Declan McCullagh discusses the end of privacy with Bruce Sterling:
Q: We've been hearing a lot about the Pentagon's plans for a Total Information Awareness data-mining system. What's going to happen a few years down the road?
A: I don't think that Poindexter's nutty scheme has much real-world traction. I think the question's badly formulated, really. I don't think there's much distinction between surveillance and media in general. Better media means better surveillance. Cams are everywhere. A security cam is one small part of a much larger universe of cams. The much larger effect, socially, politically and economically, is going to come from a much larger trend.
I noticed that people are doing a lot of "googling" before a first date nowadays–this represents the real trend. Poindexter's doing this and DARPA (the Defense Advanced Research Projects Agency) allowed him to do it for the propaganda that someone's serious about cyberwar someplace. Googling is international. It's not just restricted to cranky Republicans who couldn't erase e-mail in their PROFS (Professional Office System).

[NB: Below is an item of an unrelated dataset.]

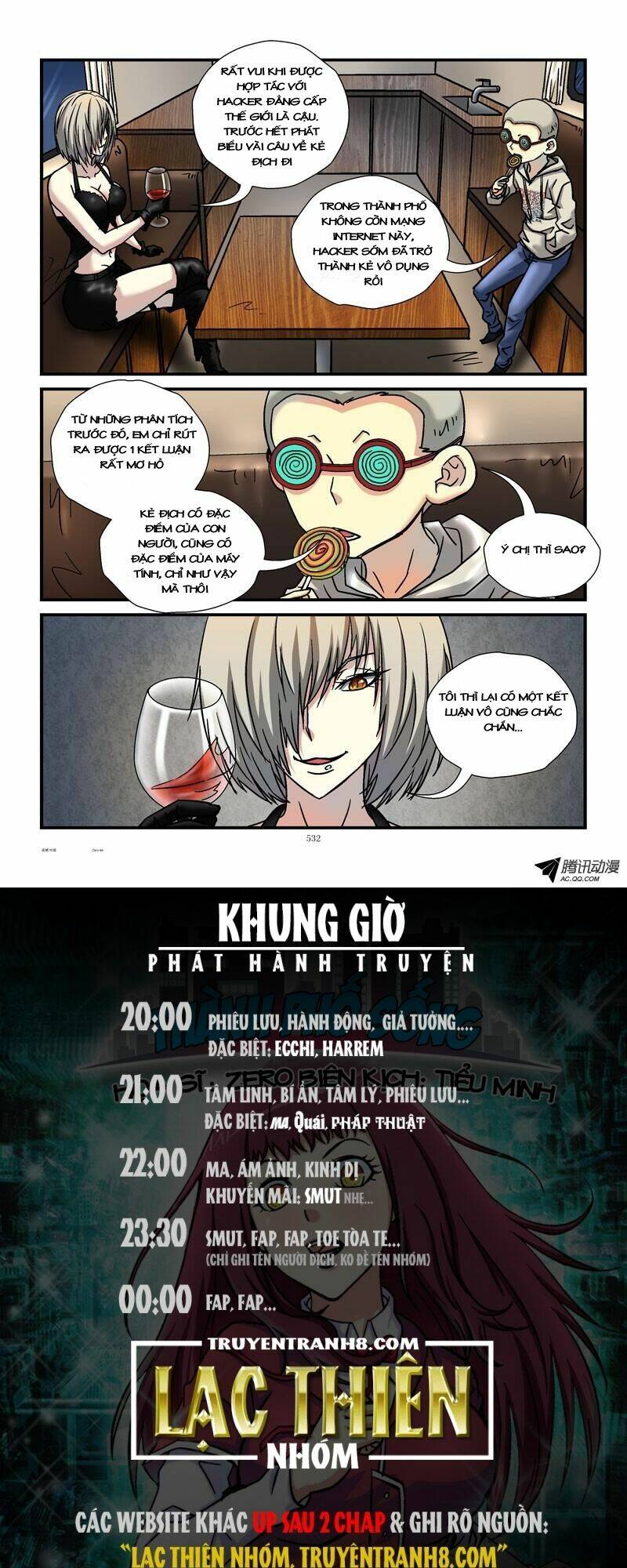 Chương 55 - Trang 12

That's going to have more of an effect. It's difficult to escape a tragedy in your life that's not your own fault.
Years ago, if your husband died in a house fire, you could get a covered wagon and go to Oregon. Now, as soon as you arrive in Oregon, someone could google you. "Oh, well, widow Simpson. Really sorry to hear about the house fire."
You don't get to cut that chain of evidence and start over. You're always going to be pursued by your data shadow, which is forming from thousands and thousands of little leaks and tributaries of information.

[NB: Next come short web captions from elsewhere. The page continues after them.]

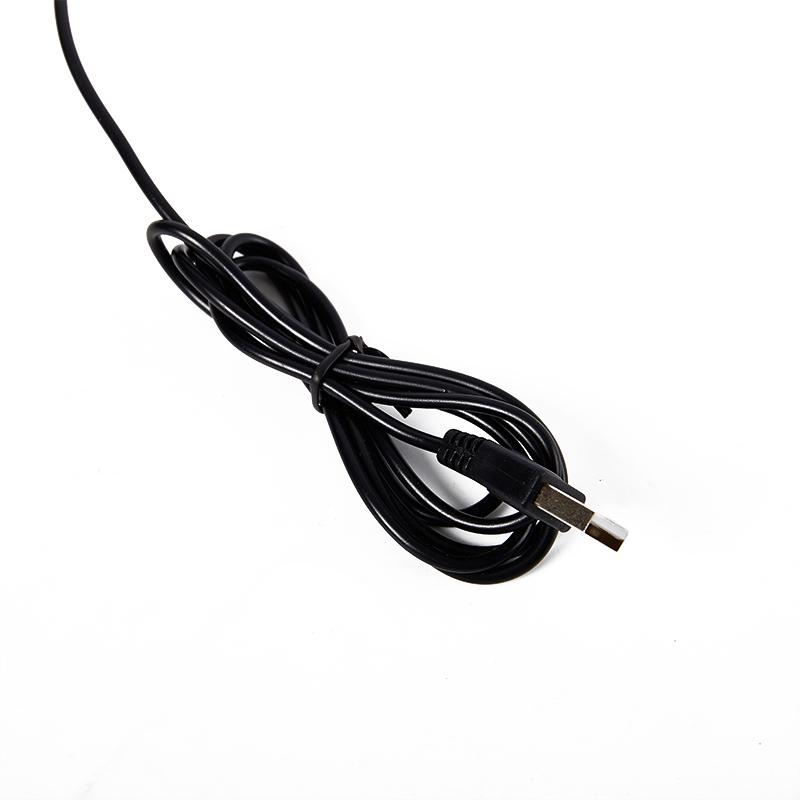 5V Usb Electric Cloth Heater Pad Heating Element For Clothes Seat Pet Warmer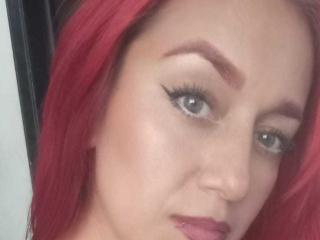 RedBunnyCherry - Live porn &amp; sex cam - 15144290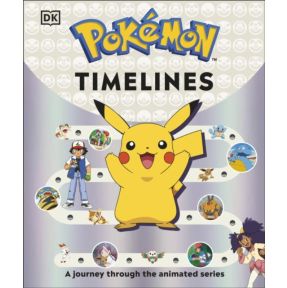 Pokemon Timelines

Sterling's comments on David Brin's notion of the "transparent society" are particularly worthwhile, but rather than quote even more of the article here I'll simply suggest that you go and read it in full. It's worth it.
The latest news on the ID Card consultation exercise is discouraging: basically, the Home Office is refusing to answer questions from Privacy International about where those 6,000-odd responses went because an MP has tabled a parliamentary question about the consultation exercise and it would be pointless to dig out the information twice.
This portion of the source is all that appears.